For the entries below, print exactly the lines between the line holding "Scalextric Aston Martin" and the line holding "Sable | Knit Crew Neck T-Shirt", inclusive, and nothing else.

(Records from a data collection)
════════════════

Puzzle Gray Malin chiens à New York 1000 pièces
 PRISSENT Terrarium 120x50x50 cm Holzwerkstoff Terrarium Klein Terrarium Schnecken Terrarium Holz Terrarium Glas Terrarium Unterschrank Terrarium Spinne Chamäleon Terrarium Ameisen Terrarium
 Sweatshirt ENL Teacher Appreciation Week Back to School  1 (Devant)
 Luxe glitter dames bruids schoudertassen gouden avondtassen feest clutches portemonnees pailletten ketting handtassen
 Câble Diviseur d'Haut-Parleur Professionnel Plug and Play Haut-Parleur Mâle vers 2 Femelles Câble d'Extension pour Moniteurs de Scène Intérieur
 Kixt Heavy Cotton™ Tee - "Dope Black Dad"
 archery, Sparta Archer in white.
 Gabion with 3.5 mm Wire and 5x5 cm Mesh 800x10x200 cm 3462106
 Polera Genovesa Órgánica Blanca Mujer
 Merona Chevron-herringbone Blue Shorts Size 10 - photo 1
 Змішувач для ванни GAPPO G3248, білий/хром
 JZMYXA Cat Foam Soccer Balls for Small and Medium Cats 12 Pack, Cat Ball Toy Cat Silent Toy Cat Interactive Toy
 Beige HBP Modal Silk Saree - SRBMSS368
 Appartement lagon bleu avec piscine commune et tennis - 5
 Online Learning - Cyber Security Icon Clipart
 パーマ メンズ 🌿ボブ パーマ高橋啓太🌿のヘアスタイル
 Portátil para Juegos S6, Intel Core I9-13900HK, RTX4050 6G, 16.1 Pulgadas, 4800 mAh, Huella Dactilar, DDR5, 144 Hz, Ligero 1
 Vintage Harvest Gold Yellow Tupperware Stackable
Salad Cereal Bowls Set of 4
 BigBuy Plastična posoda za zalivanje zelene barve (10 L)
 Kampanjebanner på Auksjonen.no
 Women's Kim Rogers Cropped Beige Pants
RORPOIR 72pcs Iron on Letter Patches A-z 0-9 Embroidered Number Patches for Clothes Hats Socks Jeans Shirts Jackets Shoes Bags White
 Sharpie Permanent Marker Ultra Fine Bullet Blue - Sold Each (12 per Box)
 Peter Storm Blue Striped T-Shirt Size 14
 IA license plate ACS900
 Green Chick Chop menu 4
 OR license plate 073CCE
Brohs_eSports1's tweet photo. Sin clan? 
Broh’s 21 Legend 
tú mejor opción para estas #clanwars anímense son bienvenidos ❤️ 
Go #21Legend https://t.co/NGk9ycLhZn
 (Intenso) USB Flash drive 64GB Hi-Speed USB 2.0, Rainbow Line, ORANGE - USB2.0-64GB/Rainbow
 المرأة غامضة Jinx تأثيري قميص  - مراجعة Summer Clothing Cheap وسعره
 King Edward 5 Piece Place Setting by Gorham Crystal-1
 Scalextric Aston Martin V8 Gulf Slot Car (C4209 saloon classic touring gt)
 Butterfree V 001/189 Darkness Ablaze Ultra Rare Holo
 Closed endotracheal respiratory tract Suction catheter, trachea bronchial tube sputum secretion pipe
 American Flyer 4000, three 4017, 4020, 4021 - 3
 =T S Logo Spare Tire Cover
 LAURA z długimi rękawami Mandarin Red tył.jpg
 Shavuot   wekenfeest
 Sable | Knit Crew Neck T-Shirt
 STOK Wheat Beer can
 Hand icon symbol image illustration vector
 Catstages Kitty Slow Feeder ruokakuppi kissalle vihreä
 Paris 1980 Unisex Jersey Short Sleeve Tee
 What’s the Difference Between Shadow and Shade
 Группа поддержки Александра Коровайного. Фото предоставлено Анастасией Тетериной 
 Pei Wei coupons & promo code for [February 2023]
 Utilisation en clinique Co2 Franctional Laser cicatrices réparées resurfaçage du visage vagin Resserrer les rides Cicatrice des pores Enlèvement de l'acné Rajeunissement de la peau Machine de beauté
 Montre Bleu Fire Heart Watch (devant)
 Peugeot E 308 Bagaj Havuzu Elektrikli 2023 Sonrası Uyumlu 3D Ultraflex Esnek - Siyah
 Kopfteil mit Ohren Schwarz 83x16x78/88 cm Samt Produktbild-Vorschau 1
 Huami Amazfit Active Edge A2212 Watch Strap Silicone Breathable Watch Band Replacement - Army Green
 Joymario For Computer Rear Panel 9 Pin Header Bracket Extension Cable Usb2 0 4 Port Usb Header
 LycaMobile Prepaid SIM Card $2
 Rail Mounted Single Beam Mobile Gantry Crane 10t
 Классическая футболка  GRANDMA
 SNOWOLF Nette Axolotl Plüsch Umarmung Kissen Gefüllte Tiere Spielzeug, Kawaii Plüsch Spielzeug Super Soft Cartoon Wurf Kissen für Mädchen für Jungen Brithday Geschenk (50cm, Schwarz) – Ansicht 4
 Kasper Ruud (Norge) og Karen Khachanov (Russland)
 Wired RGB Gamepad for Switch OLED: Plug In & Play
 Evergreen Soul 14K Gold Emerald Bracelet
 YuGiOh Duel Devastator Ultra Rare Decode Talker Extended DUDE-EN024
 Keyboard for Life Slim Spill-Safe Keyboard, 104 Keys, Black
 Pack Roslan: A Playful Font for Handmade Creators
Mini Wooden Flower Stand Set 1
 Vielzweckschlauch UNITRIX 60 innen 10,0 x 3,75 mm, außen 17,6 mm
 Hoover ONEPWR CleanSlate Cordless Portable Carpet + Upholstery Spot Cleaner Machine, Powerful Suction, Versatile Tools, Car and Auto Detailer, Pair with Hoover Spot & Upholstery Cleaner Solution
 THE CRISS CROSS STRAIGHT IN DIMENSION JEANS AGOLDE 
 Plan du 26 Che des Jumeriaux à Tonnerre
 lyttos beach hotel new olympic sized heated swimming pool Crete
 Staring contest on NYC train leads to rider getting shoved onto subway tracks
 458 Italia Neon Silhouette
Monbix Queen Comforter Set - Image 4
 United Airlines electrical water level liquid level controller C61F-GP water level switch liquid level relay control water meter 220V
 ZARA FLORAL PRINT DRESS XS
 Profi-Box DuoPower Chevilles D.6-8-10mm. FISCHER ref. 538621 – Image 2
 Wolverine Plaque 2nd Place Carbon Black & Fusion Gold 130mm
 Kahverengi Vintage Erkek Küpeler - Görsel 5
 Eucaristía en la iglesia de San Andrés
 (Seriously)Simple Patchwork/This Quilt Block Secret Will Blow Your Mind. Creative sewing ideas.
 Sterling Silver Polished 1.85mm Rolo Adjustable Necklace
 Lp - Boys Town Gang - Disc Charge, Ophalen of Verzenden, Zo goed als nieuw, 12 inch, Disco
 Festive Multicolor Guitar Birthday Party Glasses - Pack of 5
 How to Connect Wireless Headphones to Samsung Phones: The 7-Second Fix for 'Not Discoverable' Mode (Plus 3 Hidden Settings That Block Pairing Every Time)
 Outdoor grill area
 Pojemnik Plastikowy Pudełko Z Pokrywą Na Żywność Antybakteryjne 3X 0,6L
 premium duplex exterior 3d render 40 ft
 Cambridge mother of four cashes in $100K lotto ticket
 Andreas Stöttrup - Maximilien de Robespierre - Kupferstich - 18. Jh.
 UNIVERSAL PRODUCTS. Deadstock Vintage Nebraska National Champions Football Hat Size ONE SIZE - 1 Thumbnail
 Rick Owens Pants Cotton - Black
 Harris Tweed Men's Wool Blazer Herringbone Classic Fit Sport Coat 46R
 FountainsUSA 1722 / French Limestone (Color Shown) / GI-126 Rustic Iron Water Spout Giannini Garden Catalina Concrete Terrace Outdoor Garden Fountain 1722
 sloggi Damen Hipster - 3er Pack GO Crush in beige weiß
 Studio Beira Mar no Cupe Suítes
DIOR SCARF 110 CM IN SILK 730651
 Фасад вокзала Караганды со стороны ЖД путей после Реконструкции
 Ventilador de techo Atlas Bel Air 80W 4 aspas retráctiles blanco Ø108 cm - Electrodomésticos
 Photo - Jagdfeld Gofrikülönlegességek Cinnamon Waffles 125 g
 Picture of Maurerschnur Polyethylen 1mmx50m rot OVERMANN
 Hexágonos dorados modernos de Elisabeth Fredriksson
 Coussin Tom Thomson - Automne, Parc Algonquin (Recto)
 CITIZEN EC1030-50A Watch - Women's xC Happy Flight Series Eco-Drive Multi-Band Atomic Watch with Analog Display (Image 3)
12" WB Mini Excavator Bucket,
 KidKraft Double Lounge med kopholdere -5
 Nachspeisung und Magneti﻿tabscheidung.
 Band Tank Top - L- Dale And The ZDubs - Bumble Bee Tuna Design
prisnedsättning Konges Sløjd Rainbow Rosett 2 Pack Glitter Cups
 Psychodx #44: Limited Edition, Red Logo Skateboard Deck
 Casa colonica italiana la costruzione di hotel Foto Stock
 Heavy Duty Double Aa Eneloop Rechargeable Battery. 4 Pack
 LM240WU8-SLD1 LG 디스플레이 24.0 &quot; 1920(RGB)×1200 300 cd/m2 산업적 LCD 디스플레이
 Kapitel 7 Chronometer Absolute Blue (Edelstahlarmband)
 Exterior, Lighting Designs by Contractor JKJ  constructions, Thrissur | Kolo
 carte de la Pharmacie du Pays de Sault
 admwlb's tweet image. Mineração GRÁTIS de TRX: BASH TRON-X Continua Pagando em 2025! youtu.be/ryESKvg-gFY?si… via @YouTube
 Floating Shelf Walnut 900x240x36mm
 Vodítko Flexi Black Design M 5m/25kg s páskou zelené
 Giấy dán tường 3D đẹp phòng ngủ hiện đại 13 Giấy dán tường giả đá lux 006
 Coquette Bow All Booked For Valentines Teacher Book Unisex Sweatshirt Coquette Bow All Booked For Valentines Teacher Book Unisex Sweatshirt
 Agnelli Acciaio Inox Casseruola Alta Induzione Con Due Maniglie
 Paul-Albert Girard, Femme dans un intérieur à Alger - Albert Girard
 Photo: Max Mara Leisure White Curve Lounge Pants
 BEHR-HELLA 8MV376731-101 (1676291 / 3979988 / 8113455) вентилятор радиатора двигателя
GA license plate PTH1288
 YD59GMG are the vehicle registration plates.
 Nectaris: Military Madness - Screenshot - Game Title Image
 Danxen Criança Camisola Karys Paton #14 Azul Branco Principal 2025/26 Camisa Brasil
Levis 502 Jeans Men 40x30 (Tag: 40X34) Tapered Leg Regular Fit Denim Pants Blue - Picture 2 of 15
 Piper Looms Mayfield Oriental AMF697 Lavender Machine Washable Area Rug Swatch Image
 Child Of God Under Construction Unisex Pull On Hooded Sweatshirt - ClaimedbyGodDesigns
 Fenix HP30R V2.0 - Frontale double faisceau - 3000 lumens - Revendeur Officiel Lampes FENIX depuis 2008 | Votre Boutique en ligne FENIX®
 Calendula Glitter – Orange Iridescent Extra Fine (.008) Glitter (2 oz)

════════════════

> _EXERCISE ANSWER_
 Scalextric Aston Martin V8 Gulf Slot Car (C4209 saloon classic touring gt)
 Butterfree V 001/189 Darkness Ablaze Ultra Rare Holo
 Closed endotracheal respiratory tract Suction catheter, trachea bronchial tube sputum secretion pipe
 American Flyer 4000, three 4017, 4020, 4021 - 3
 =T S Logo Spare Tire Cover
 LAURA z długimi rękawami Mandarin Red tył.jpg
 Shavuot   wekenfeest
 Sable | Knit Crew Neck T-Shirt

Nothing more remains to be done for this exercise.